Segment Start: Data for review
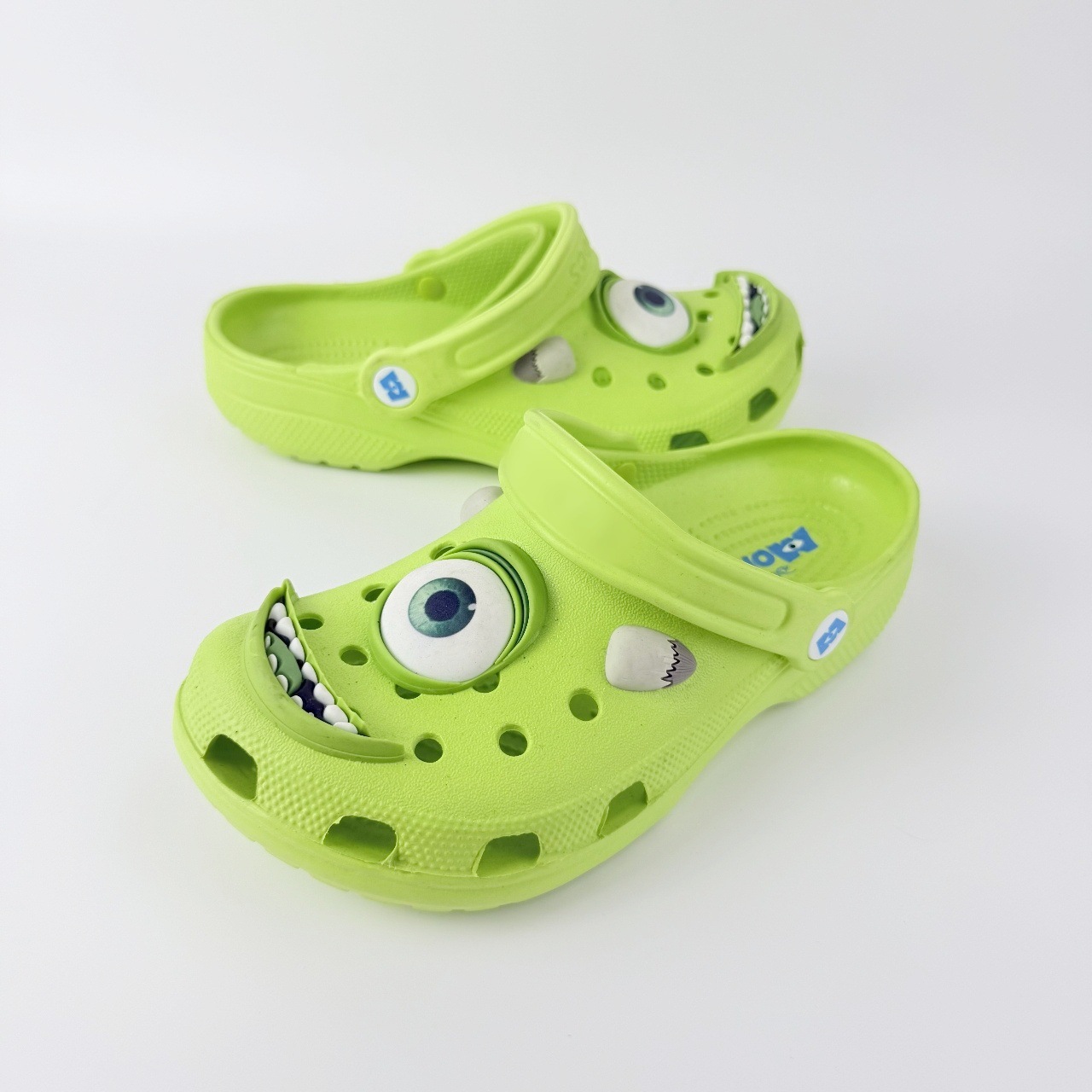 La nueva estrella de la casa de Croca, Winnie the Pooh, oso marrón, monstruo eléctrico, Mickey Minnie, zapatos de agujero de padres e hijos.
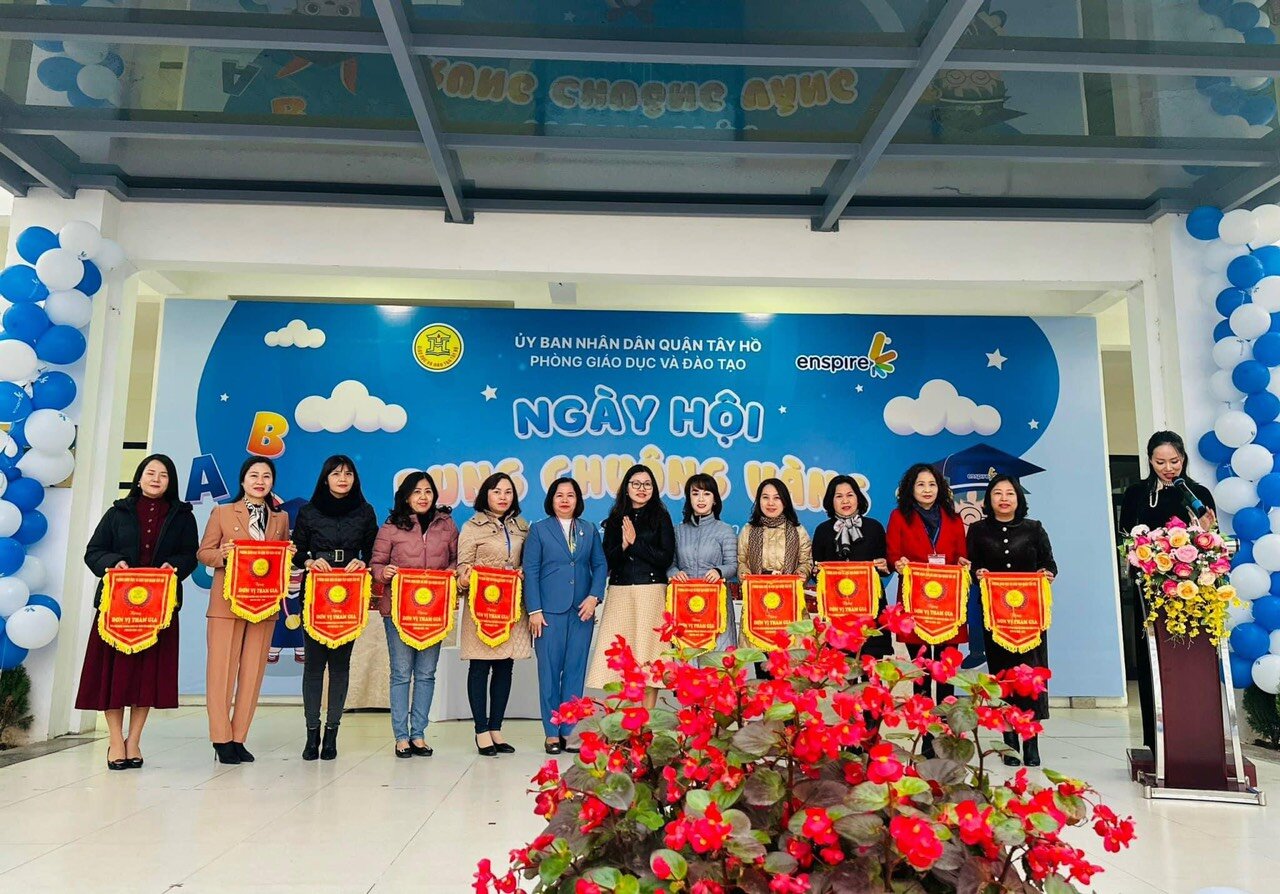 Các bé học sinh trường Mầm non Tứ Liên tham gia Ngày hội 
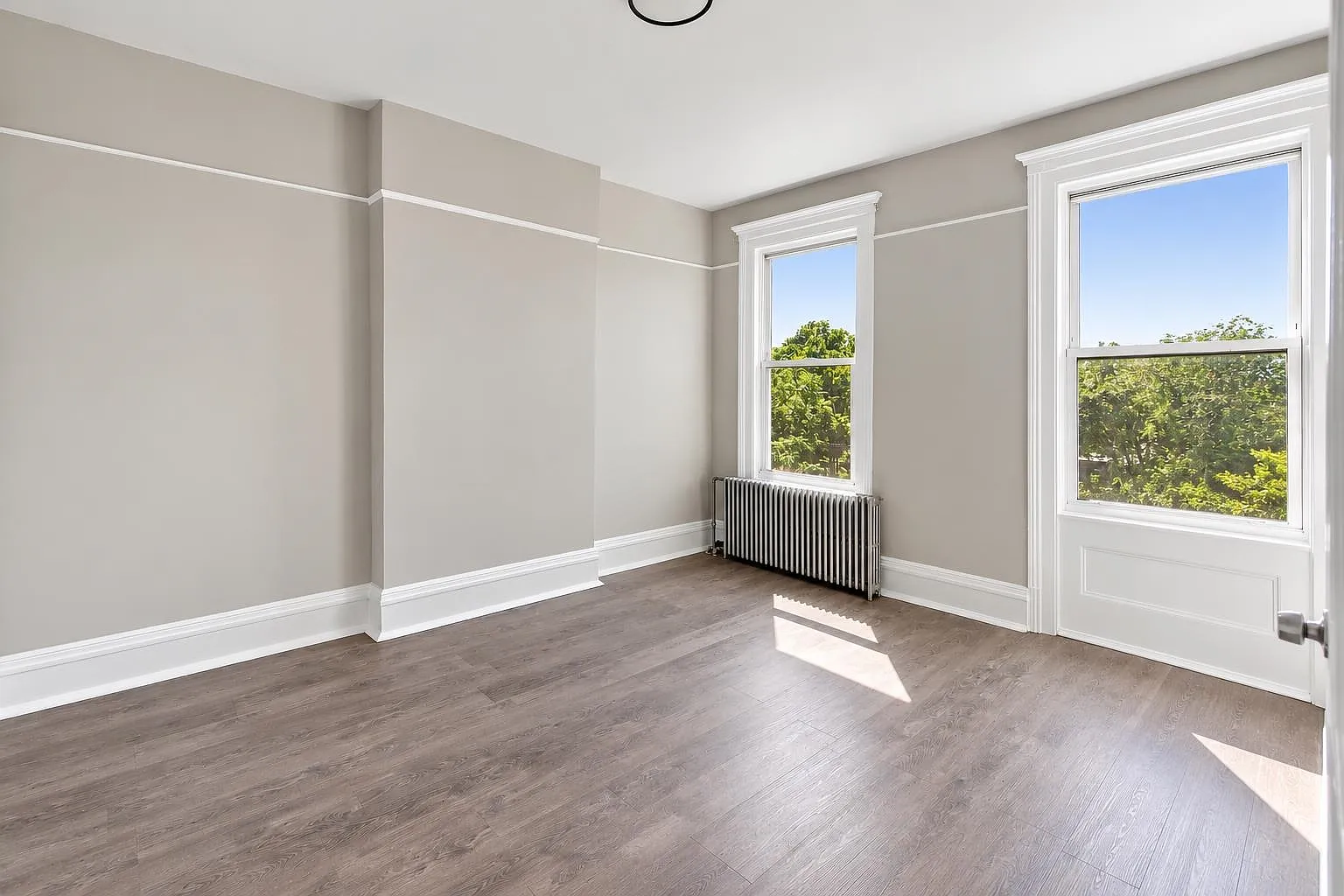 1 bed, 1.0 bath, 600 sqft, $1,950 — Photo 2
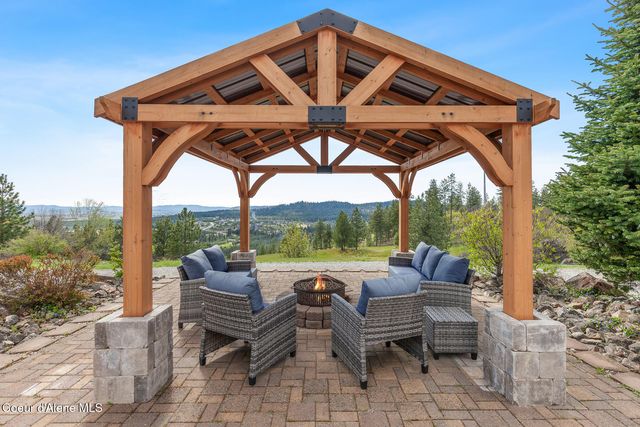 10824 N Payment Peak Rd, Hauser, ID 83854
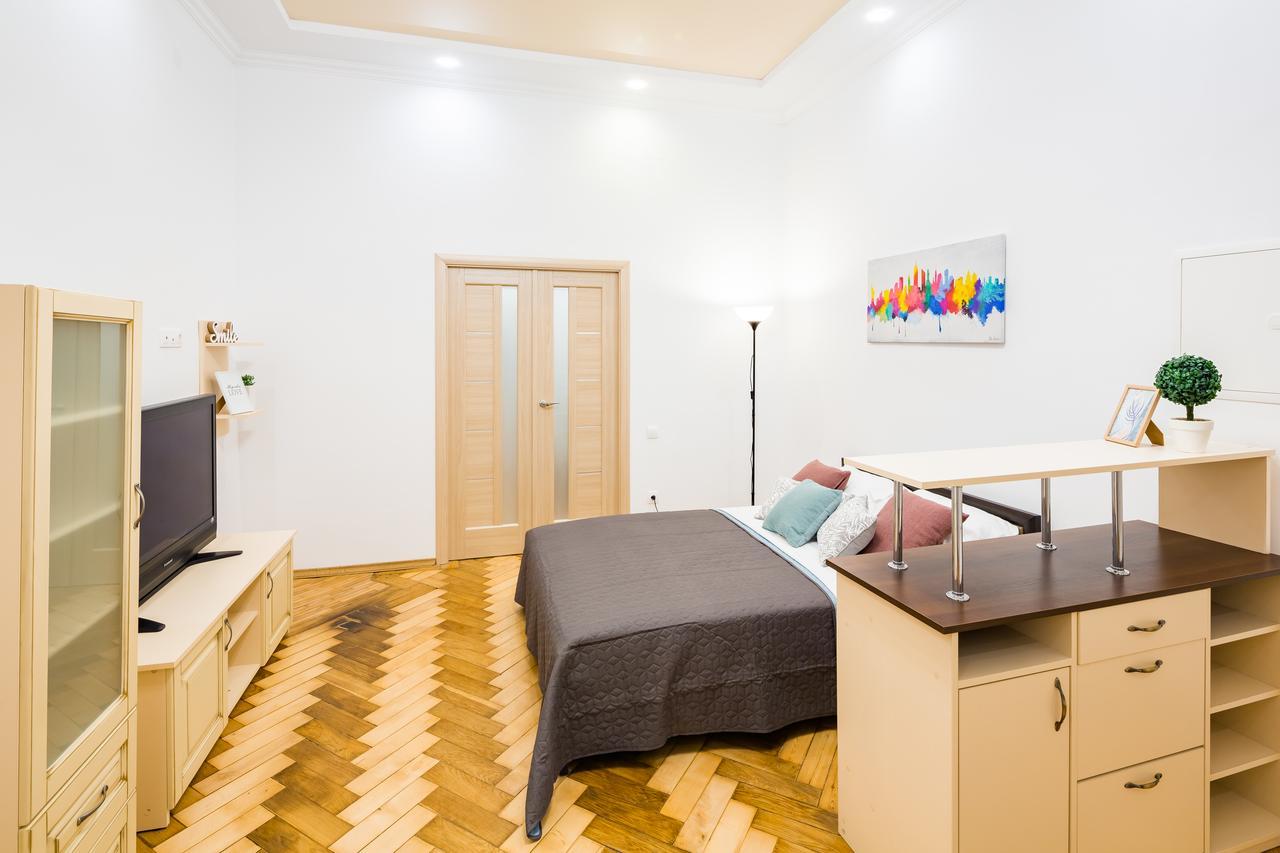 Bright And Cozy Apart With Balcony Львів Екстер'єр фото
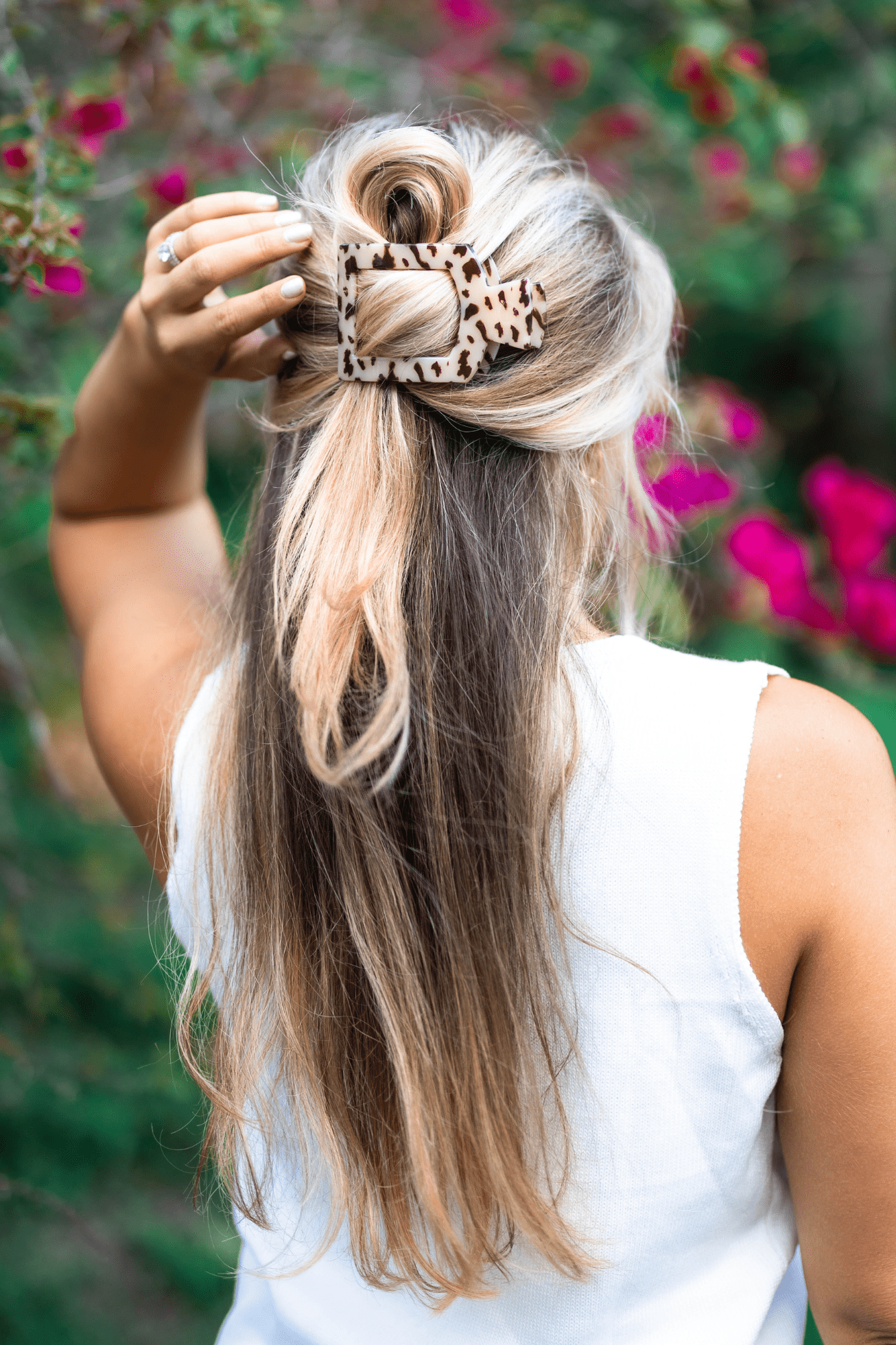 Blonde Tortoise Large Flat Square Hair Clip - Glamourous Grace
Segment End: Data for review
# Problem to work on
Copy out exactly the lines from the one with "Bright And Cozy" through the end of the listing, both ends included, omitting any picture.

# The answer
 Bright And Cozy Apart With Balcony Львів Екстер'єр фото
 Blonde Tortoise Large Flat Square Hair Clip - Glamourous Grace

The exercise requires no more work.